# Non-immigrants' Statistics

### Data Engineering Capstone Project

#### Project Summary

The project "Non-immigrants' Statistics" collects data from different sources in order to determine the non-immigrants' trends in US states.    
The data would give the ability to analyze the trends around non-immigrants while showing the influx and efflux of induviduals within the American states.       

The project follows the following steps:
* Step 1: Scope the Project and Gather Data
* Step 2: Explore and Assess the Data
* Step 3: Define the Data Model
* Step 4: Run ETL to Model the Data
* Step 5: Complete Project Write Up

In [1]:
from pyspark.sql import SparkSession
#from pyspark.sql.functions import udf, desc, asc, sum
from pyspark.sql.functions import *
from pyspark.sql.types import StringType, IntegerType, DateType
import datetime

import numpy as np
import pandas as pd
%matplotlib inline
import matplotlib.pyplot as plt

In [2]:
spark = SparkSession \
    .builder \
    .appName("Non-immigrants' Trends") \
    .getOrCreate()

### Step 1: Scope the Project and Gather Data

<!--#### Scope 
Explain what you plan to do in the project in more detail. What data do you use? What is your end solution look like? What tools did you use? etc> -->


##### Problem Statement

In order to analyze the non-immigrants' trends, the bellow questions can be answered with the data:    
1. Where do most U.S. non-immigrants visit/live?
2. Who is arriving today? (By race/ethnicity/gender)
3. Where do non-immigrants come from?
4. How many people in the U.S. are non-immigrants? 
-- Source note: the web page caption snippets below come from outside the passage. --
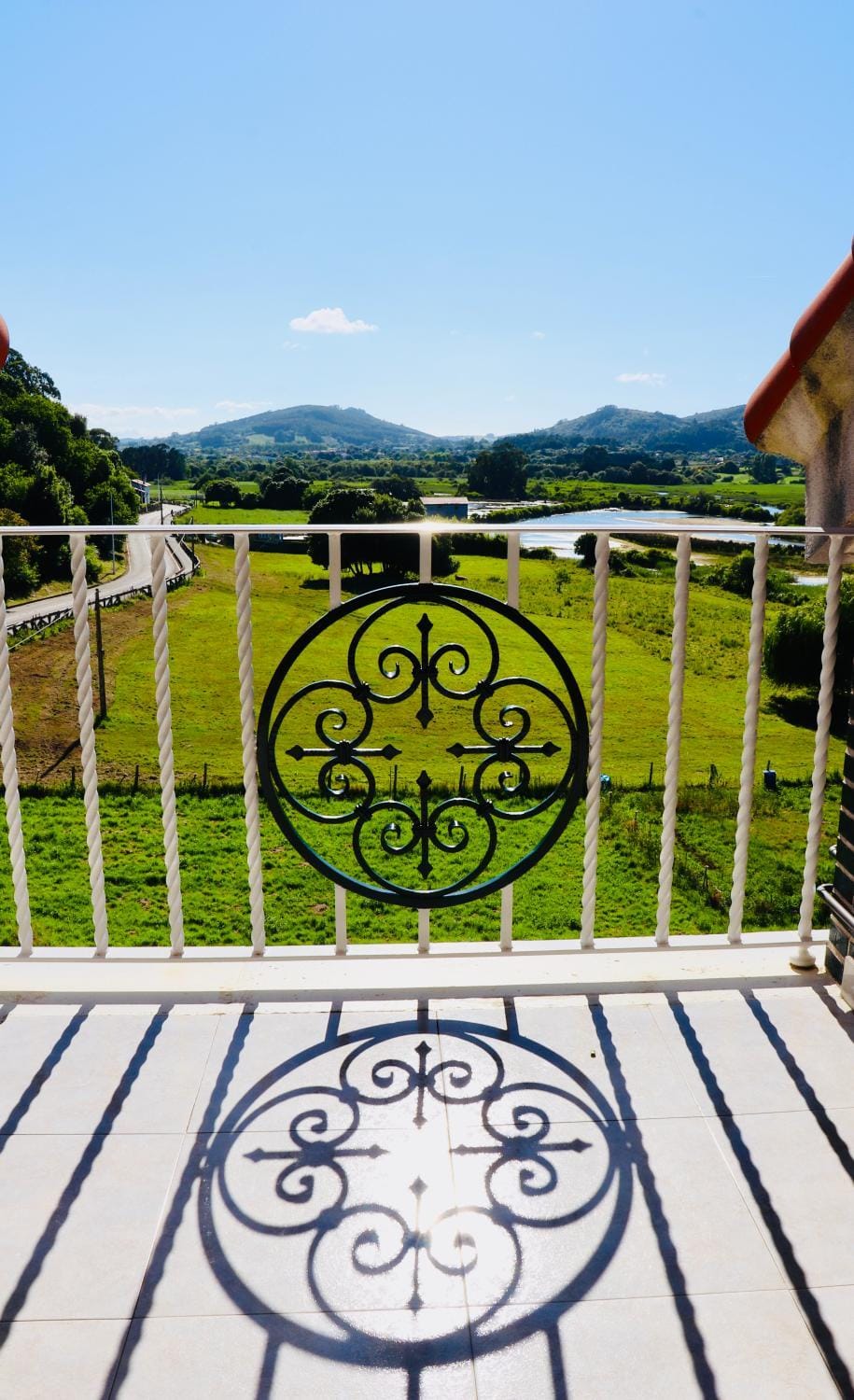 View (from property/room)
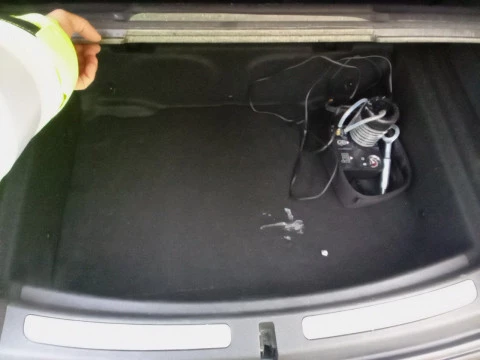 MINI Countryman Cooper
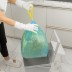 Пакеты для мусора с завязками 35 л x 15 шт. синие, Home Palisad 927155 купить в Нефтеюганске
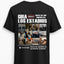Playera OVERSIZE Morat | Negra | Dejar de querer es quererse también | Gira los estadios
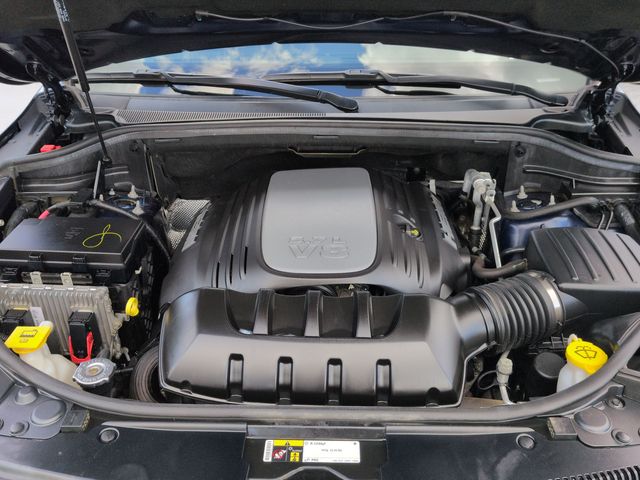 Thumbnail: 2017 Jeep Grand Cherokee - 9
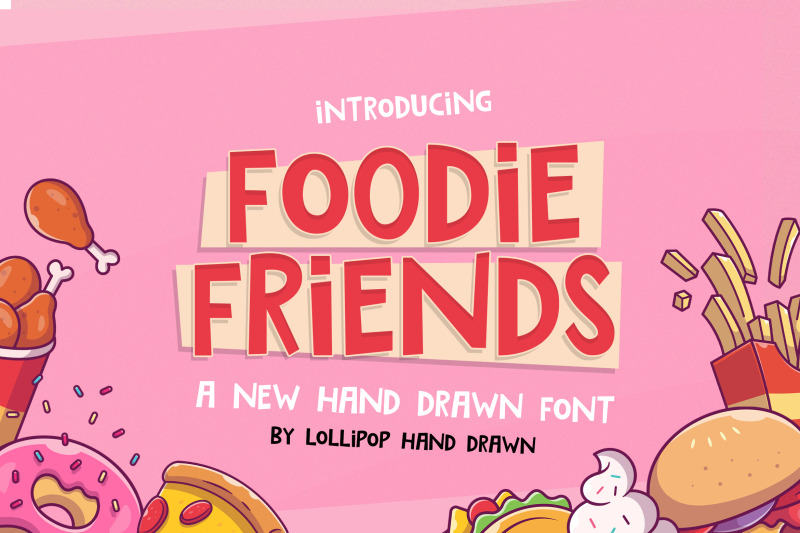 foodie-friends-font-modern-fonts-cool-fonts-cute-fonts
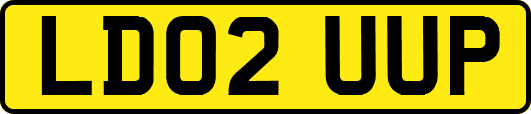 LD02UUP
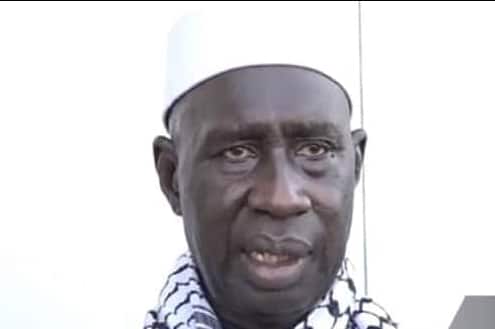 Qui était Bamba Ndiaye ?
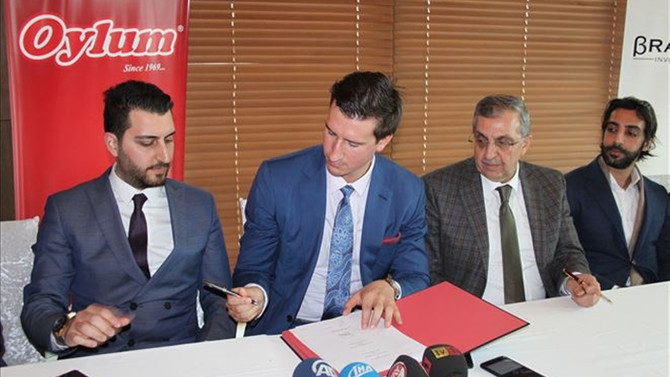 Oylum, kapasitesini 2 katına çıkaracak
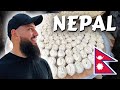 I revisited nepal just for this 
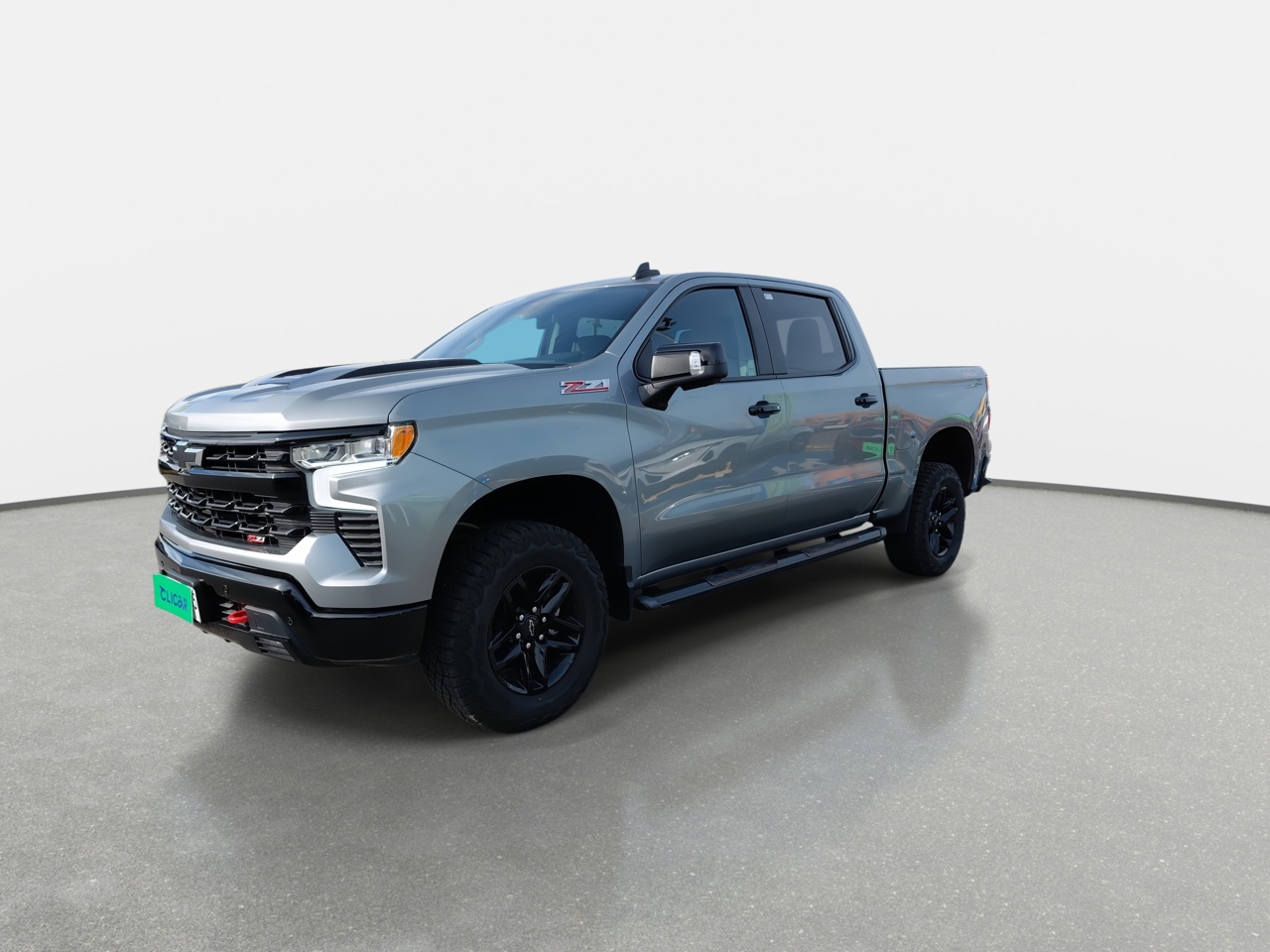 CHEVROLET - 3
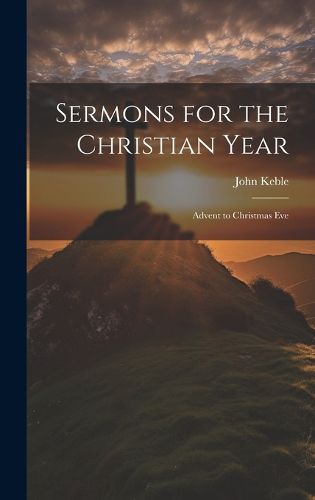 Cover image for Sermons for the Christian Year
##### The choice of tools, technologies

1. Spark (on an AWS - EMR Cluster) - To extract and transform the collected data from the data sources and write to S3 bucket.
2. S3 bucket - To store the processed data model into parquet files of dimensions and fact tables
3. Airflow (Deployed on AWS - E2 with a docker instance) - To create and run the ETL/ELT pipeline
4. AWS Athena - To read processed data from S3 from dimensions and fact tables in parquet files for analysis

<!--#### Describe and Gather Data 
Describe the data sets you're using. Where did it come from? What type of information is included? -->

##### Data Sources

- I94 Immigration Data: This data comes from the US National Tourism and Trade Office. A data dictionary is included in the workspace. [This](https://travel.trade.gov/research/reports/i94/historical/2016.html) is where the data comes from. There's a sample file so you can take a look at the data in csv format before reading it all in. You do not have to use the entire dataset, just use what you need to accomplish the goal you set at the beginning of the project.    
- World Temperature Data: This dataset came from Kaggle. You can read more about it [here](https://www.kaggle.com/berkeleyearth/climate-change-earth-surface-temperature-data).    
- U.S. City Demographic Data: This data comes from OpenSoft. You can read more about it [here](https://public.opendatasoft.com/explore/dataset/us-cities-demographics/export/).    
- Airport Code Table: This is a simple table of airport codes and corresponding cities. It comes from [here](https://datahub.io/core/airport-codes#data).

##### Data Files

- airport-codes_csv.csv - Airport Code Table    
- I94_SAS_Labels_Descriptions.SAS - I94 Immigration Data (Labels Descriptions)    
- us-cities-demographics.csv - U.S. City Demographic Data    
- immigration_data_sample.csv - I94 Immigration Data (Data Sample with 1000 records)    
- sas_data - I94 Immigration Data (In Parquet files) (Over 3 million records)    




In [3]:
airport_codes_df=spark.read.csv("airport-codes_csv.csv", header='true', inferSchema='true')

In [4]:
us_cities_demographics_df=spark.read.option("delimiter", ';').csv("us-cities-demographics.csv", header='true', inferSchema='true')

In [5]:
immigration_sample_df=spark.read.csv("immigration_data_sample.csv", header='true', inferSchema='true')

In [6]:
immigration_df=spark.read.parquet("sas_data")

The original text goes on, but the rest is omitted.